- Japanese arcade flyer of Valtric
- Developer: NMK
- Publisher: Jaleco
- Platform: Arcade
- Release: JP: November 1986;
- Genre: Vertically scrolling shooter
- Mode: Single-player

= Valtric =

1986 video game

Valtric is a vertically scrolling shooter released in arcades in 1986 by Jaleco.

== Gameplay ==
The player controls a hovering land vehicle in eight directions, and is able to shoot in the direction the vehicle faces. Obstacles block the path of the vehicle, and progress through an area is made by the player moving the vehicle upwards, scrolling the screen downwards. Bombs can be dropped directly above the vehicle, similar to Xevious.

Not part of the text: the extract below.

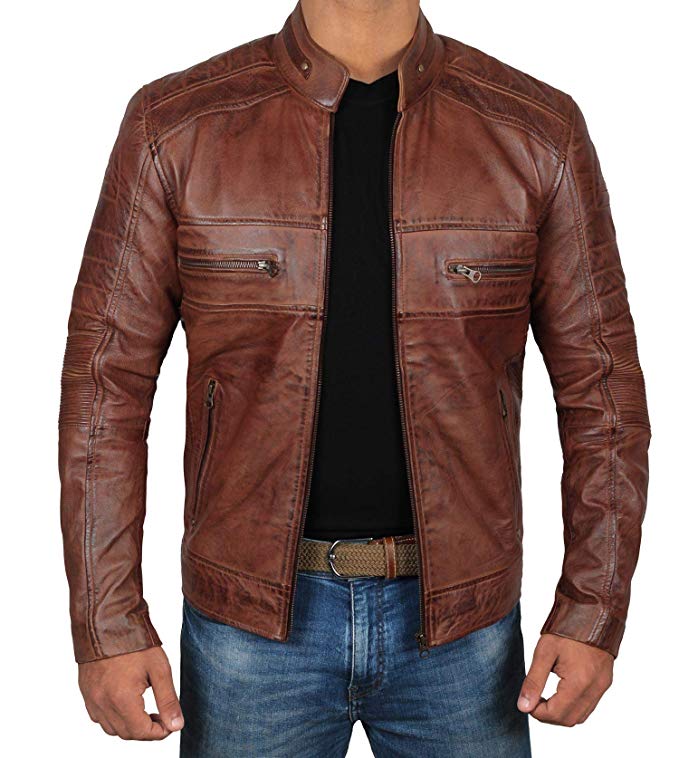 Brown Leather Jacket for Men - Distressed Genuine Black Motorcycle Leather Jackets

The player can pick up power-ups that enhance weapons, as well as attach 'options' to the vehicle, drones similar to those of Gradius. The 'options' fire in a direction depending on where they are attached to the main vehicle. The player can avoid danger by jumping.

The game is divided into four different areas, followed by the same four areas in more challenging versions.

Enemies consist of infinitely respawning smaller moving enemies, stationary cannons, and large boss enemies and enemy bases.

== Reception ==
In Japan, Game Machine listed Valtric on their January 15, 1987 issue as being the fifteenth most-successful table arcade unit of the month.